Tracing with Primitives: Update 1, nvFuser and its Primitives

Tracing with Primitives: Update 1, nvFuser and its Primitives

This article is part of the “Tracing with Primitives” series. See the first update here.

Hey PyTorch community!

nvFuser is a trace executor we’ve been developing for awhile at NVIDIA. We’re excited about the “Tracing with Primitives,” program and our ability to quickly execute traces of primitive operations, and in this update we’d like to introduce nvFuser itself.

To start, check out our GTC 2022 and GTC 2021 talks on nvFuser. The 2022 talk is a great introduction to nvFuser, and the 2021 talk has more technical details (you might want to skip the first 5 minutes). You may need to go through a free registration process to watch them.

nvFuser is designed to accelerate PyTorch programs running on CUDA devices without user intervention. There are a variety of ways to approach this problem, but we decided early on to have three additional goals: to support program diversity, to be consistent with PyTorch’s current behavior, and to minimize slow recompilations.
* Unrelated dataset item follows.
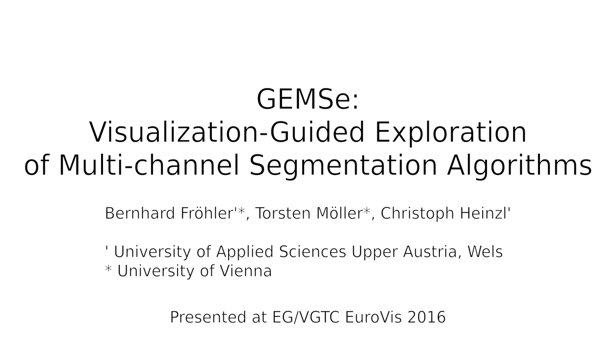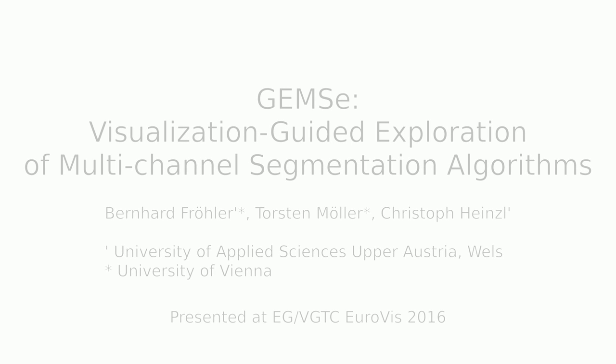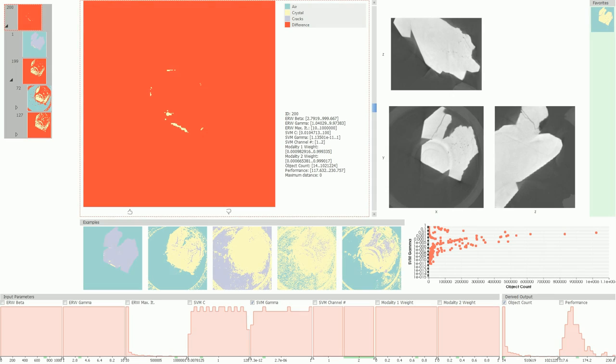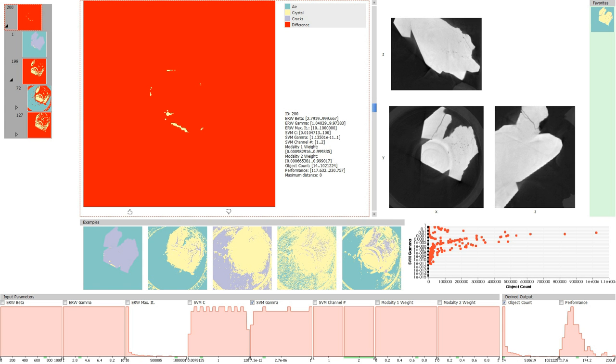We present GEMSE, a tool for the exploration of an ensemble of segmentation masks resulting from sampling a multichannel segmentation algorithm's parameter space. It enables non-segmentation experts to quickly arrive at suitable parameters for a reasonable segmentation of their multichannel images and can determine the stability of these parameters.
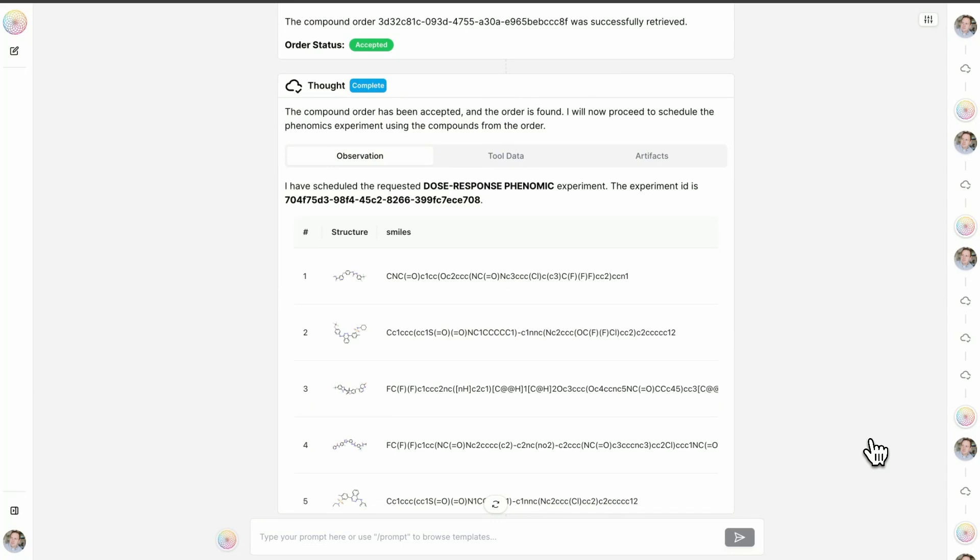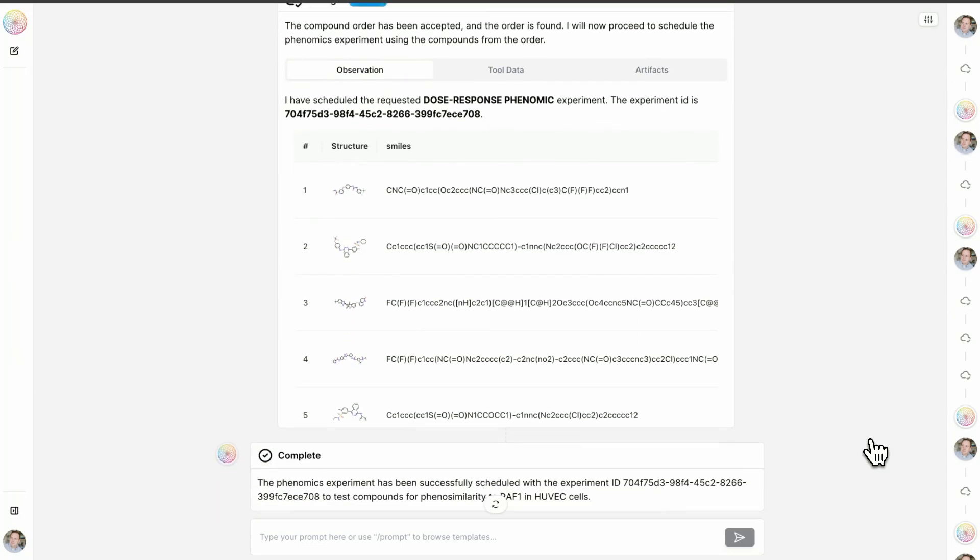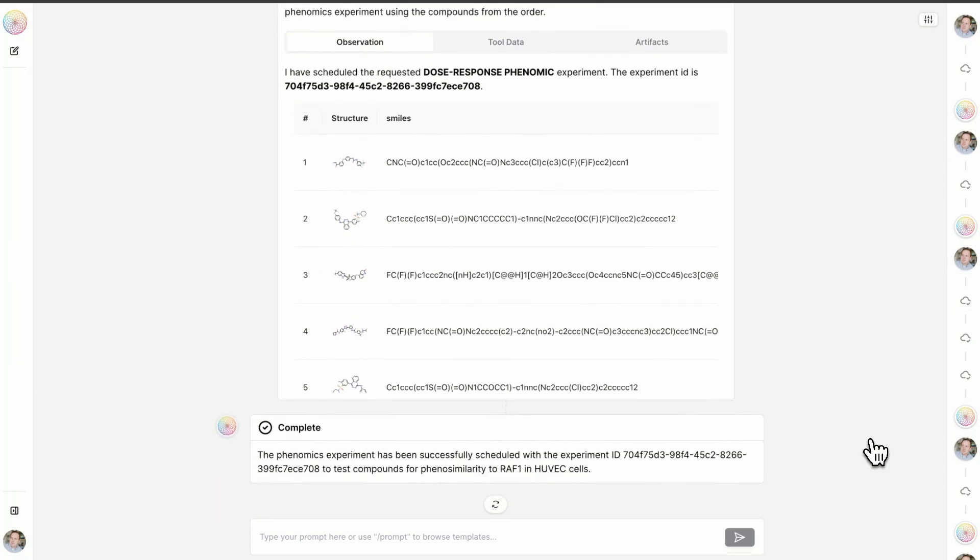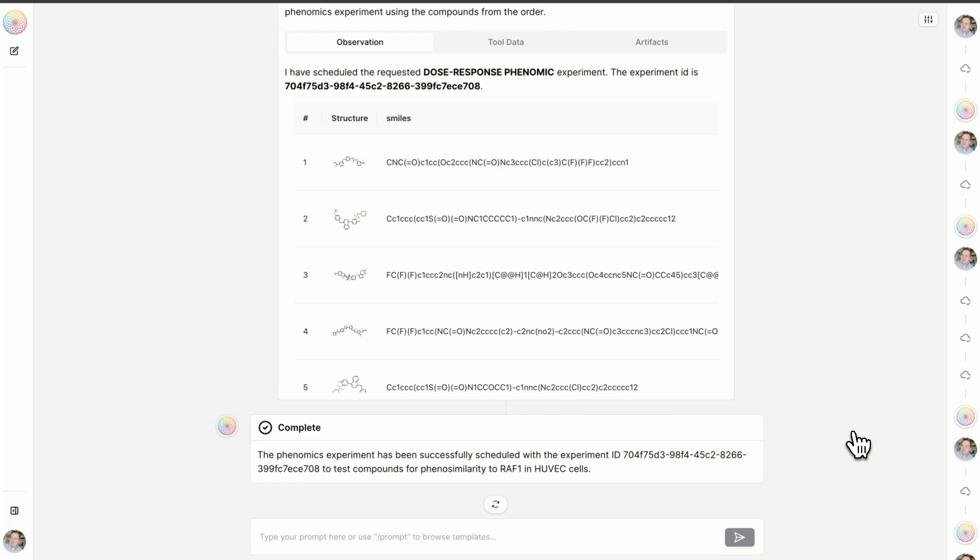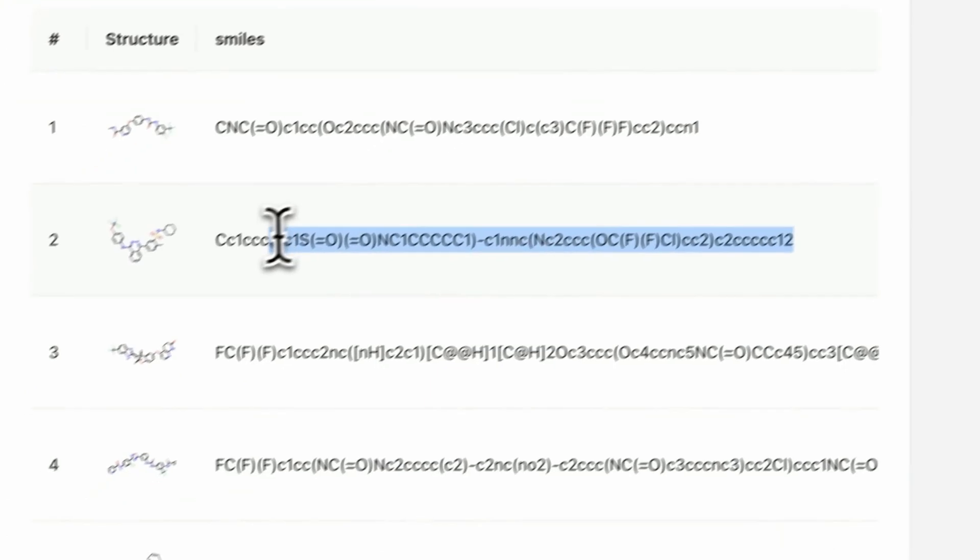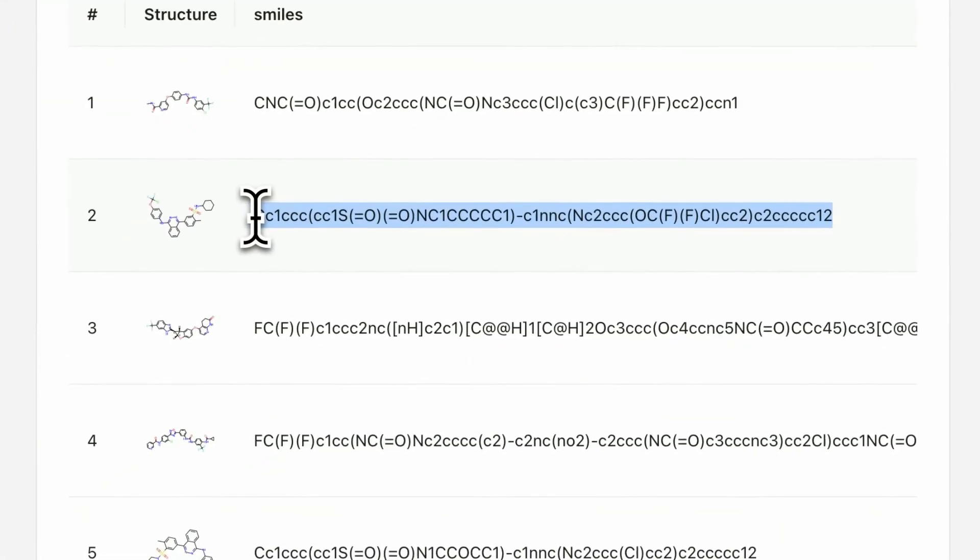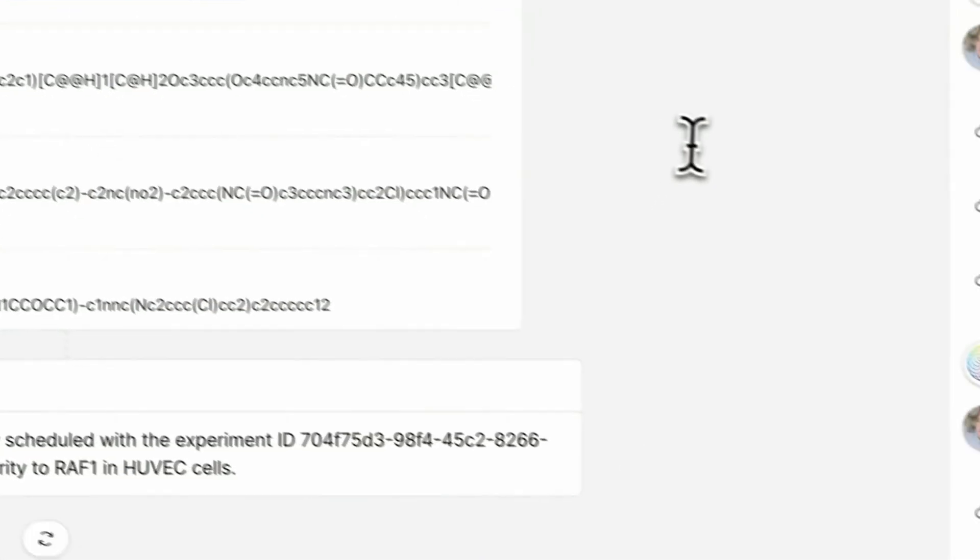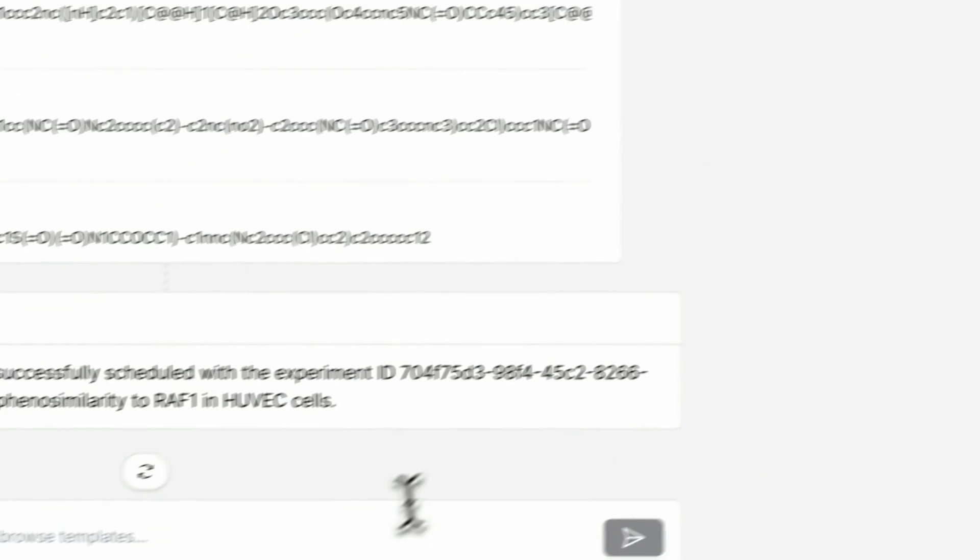So I want to fast forward in your mind now with this experiment scheduled and pretend like we've gotten the data back. And indeed, many of the predictions from the Matchmaker tool turn out to be right. Many of these molecules do mimic in a dose responsive manner the CRISPR based knockout of RAF1 in phenomics, suggesting that these molecules have a similar biological function to eliminating RAF1 expression or inhibiting RAF1. And so let's now imagine that this particular molecule, molecule number two—I'll copy the SMILES string.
PyTorch programs are diverse. The Community is especially creative, and PyTorch programs are used for innumerable purposes. Being faster on just a few PyTorch operations, or PyTorch programs written in a very specific way, was never an option for nvFuser. From the beginning we wanted to speedup all programs running on CUDA devices, so we designed nvFuser to be as flexible as possible. We write general optimization policies that aren’t just applicable to existing operations, but that extend to new operations, too. “Tracing with primitives” makes it easier to target program diversity because it represents programs using a smaller set of primitive operations.

Being consistent with PyTorch’s current behavior is also critically important. Users shouldn’t feel like using nvFuser is using a different framework. The “tracing with primitives” program is making this easier by specifying PyTorch’s behavior clearly.
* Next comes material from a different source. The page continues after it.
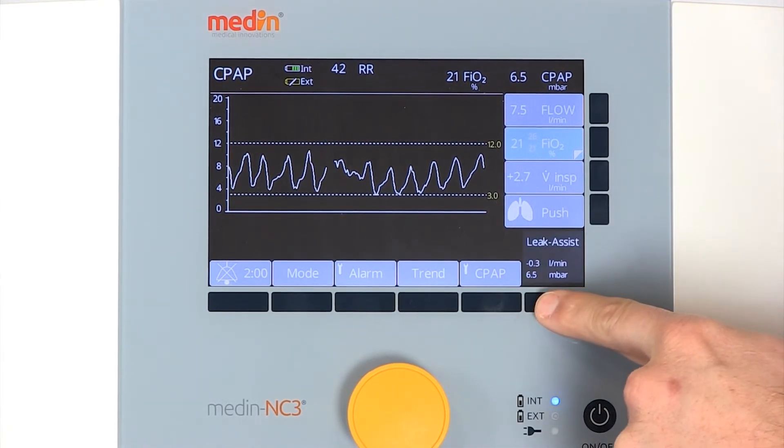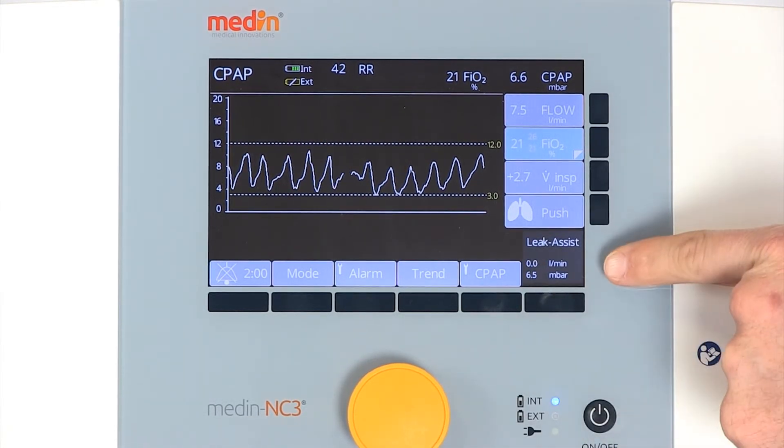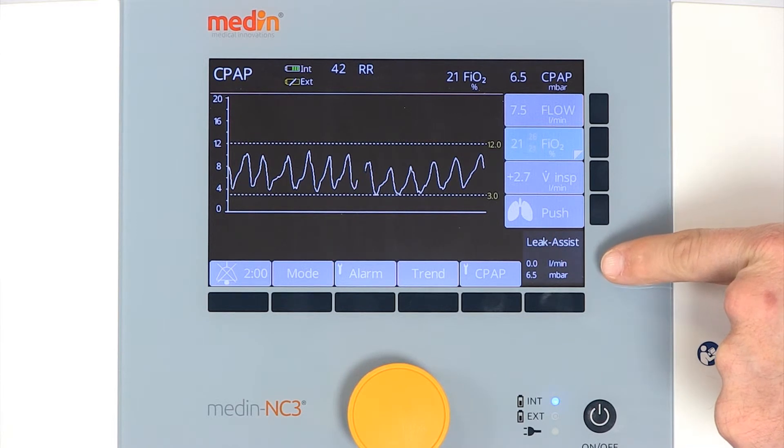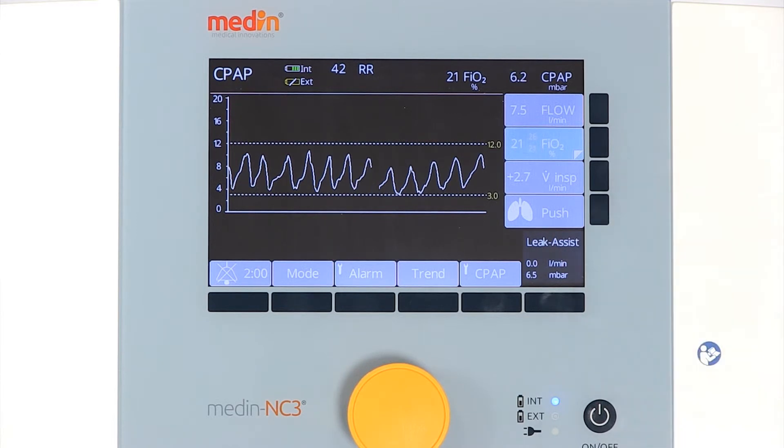A tight-fitting CPAP system and efficient application guarantee a constant CPAP pressure and effective leak compensation.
Finally, we gave ourselves a goal to minimize slow recompilations. nvFuser can generate very fast, very specific CUDA kernels for PyTorch programs, but the more specific a kernel the fewer inputs it supports. Part of what makes PyTorch great, however, is its dynamism. PyTorch doesn’t require building a graph or that every batch have the same shape. It doesn’t even require that neural network training loops always call the same operations in the same order. nvFuser had to be as flexible as PyTorch, so we can produce very general kernels that work on a variety of inputs or very specific kernels that are much faster but more narrow in application. nvFuser decides which type of kernel to generate depending on the PyTorch program it’s executing, trying to minimize total runtime by trading off compilation time for better performance.

Internally, nvFuser is a Halide-like system, and we think Halide’s separation of “algorithms” and “schedules” (i.e. traces and optimizations) is the best way to accomplish the above goals. We’ll go more into the details of nvFuser’s implementation in future updates, but a summary of how operations are expressed in PyTorch and executed by nvFuser is:

  • A PyTorch program, with no modification, is traced using TorchDynamo.
  • The traced operations are translated into primitive operations.
  • nvFuser reviews the primitives and the trace’s inputs to determine an appropriate set of optimizations.
  • The optimization strategy is translated to nvFuser’s Halide-like internal representation, and nvFuser generates one or more kernels to implement the strategy.
  • nvFuser caches its generated kernels for future use (so they don’t need to be recompiled), and executes the optimized trace using the generated kernels.